• Dataset records:
........

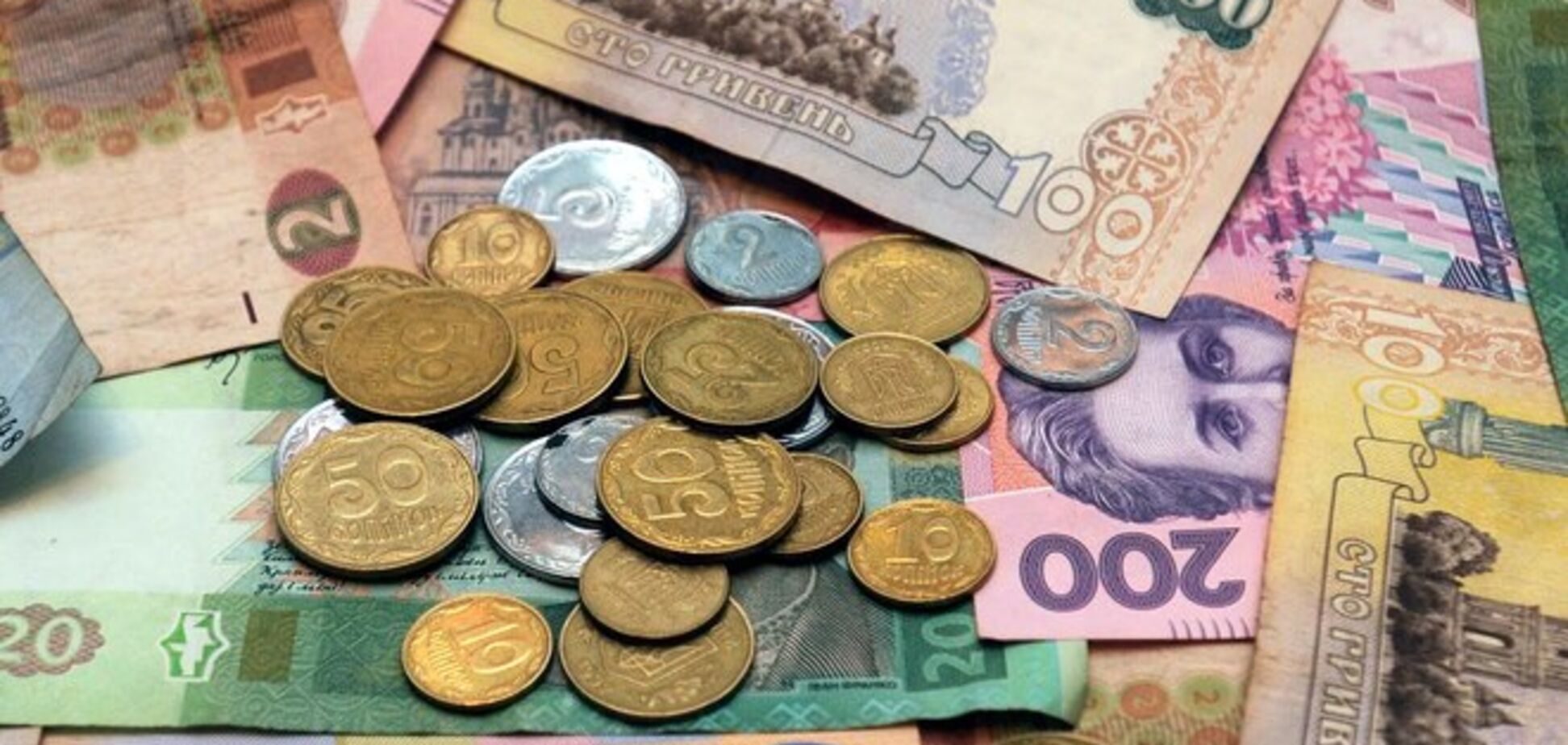 Гривня резко упала на открытии межбанка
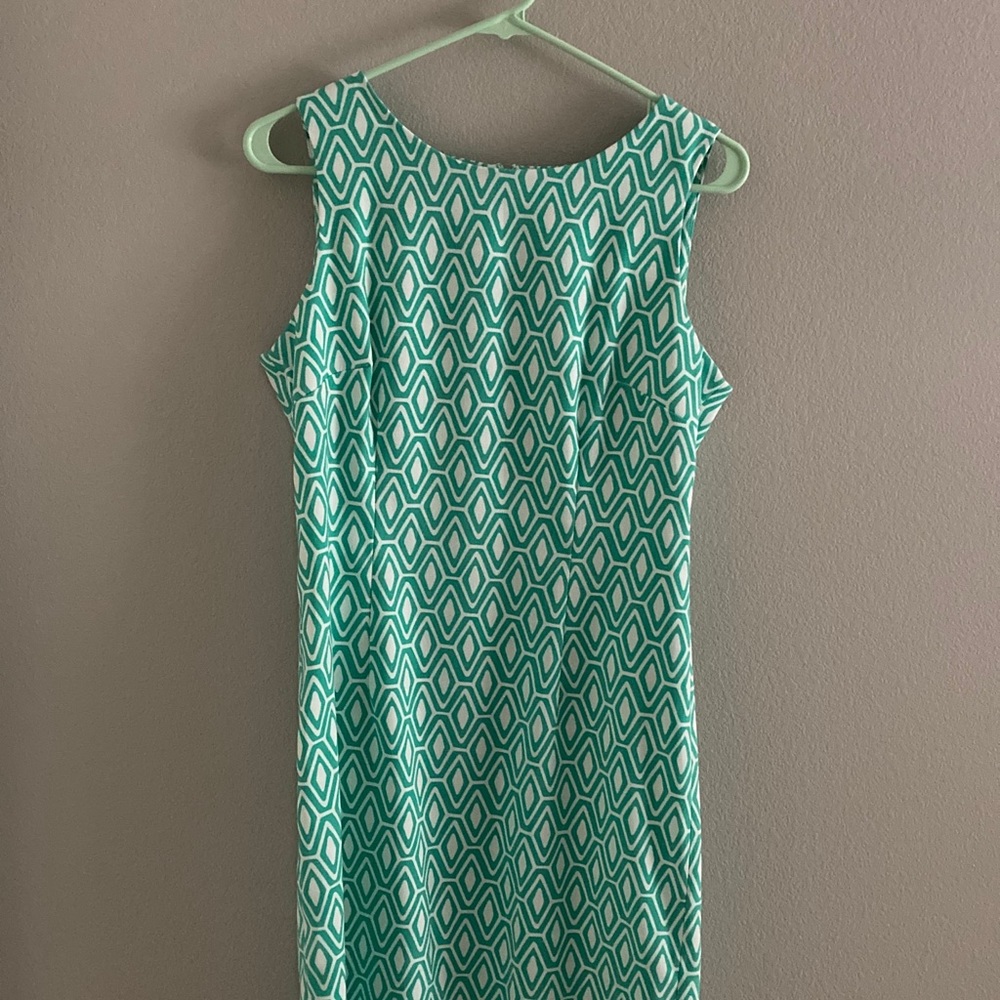 Super cute white and teal dress!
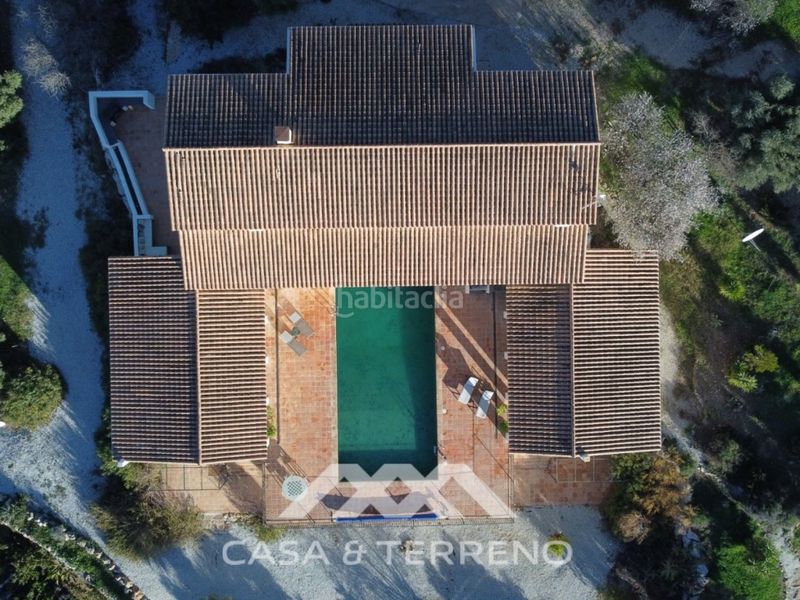 Foto 6a29cbab-c45e-44f2-8640-765f97809a69. Casa amb calefacció aparcament piscina a Alcaucín
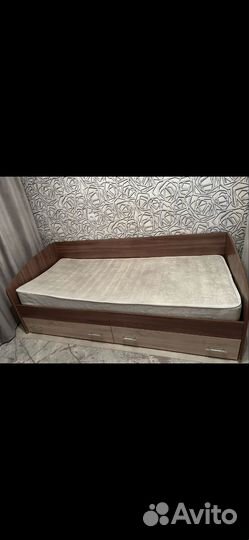 Кровать односпальная с ящиками и матрасом бу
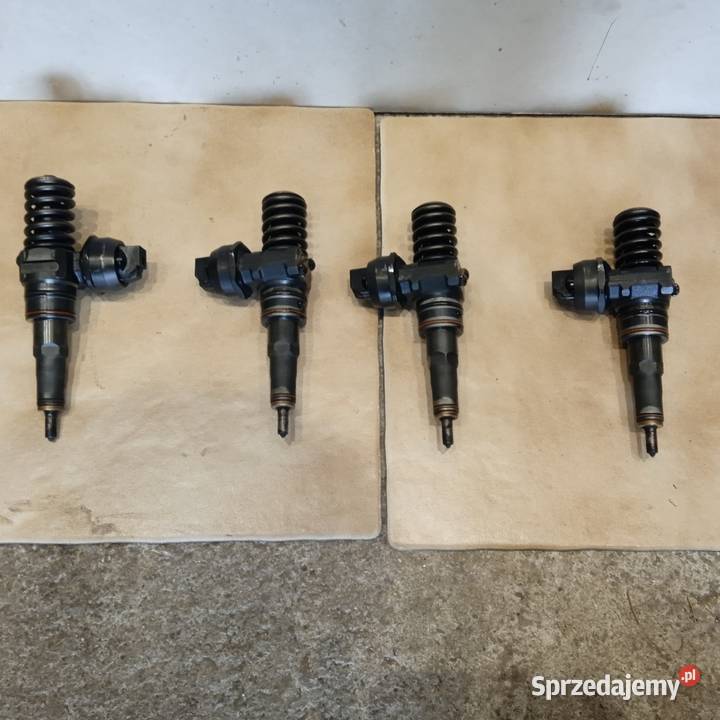 VW passat B5 fl 19TDI pompowtryskiwacze komplet Rok produkcji 2004 Wtryskiwacze Wrocław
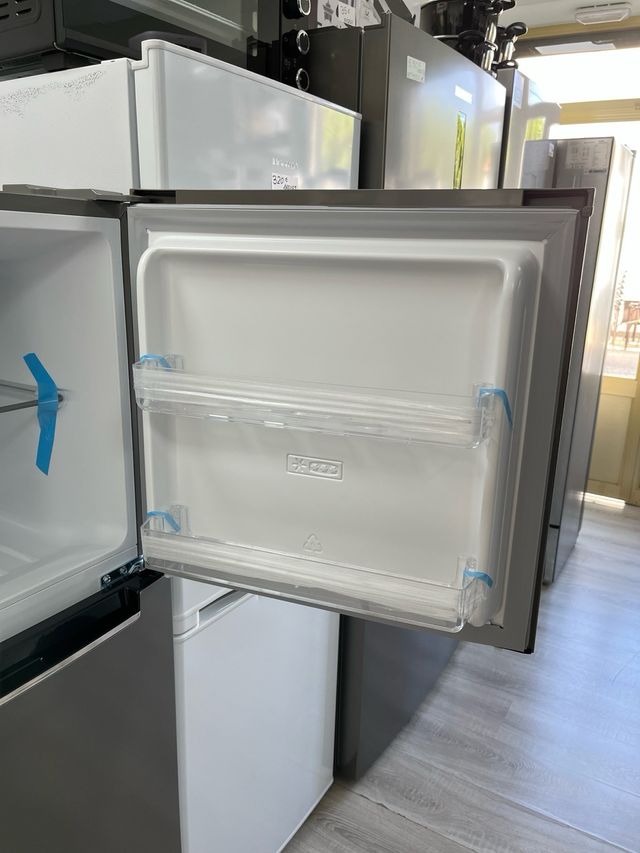 Nevera Svan inox AA no frost - 350€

........

• Task item: Quote the records above exactly, leaving out any pictures.

• Answer box:
 Гривня резко упала на открытии межбанка
 Super cute white and teal dress!
 Foto 6a29cbab-c45e-44f2-8640-765f97809a69. Casa amb calefacció aparcament piscina a Alcaucín
 Кровать односпальная с ящиками и матрасом бу
 VW passat B5 fl 19TDI pompowtryskiwacze komplet Rok produkcji 2004 Wtryskiwacze Wrocław
 Nevera Svan inox AA no frost - 350€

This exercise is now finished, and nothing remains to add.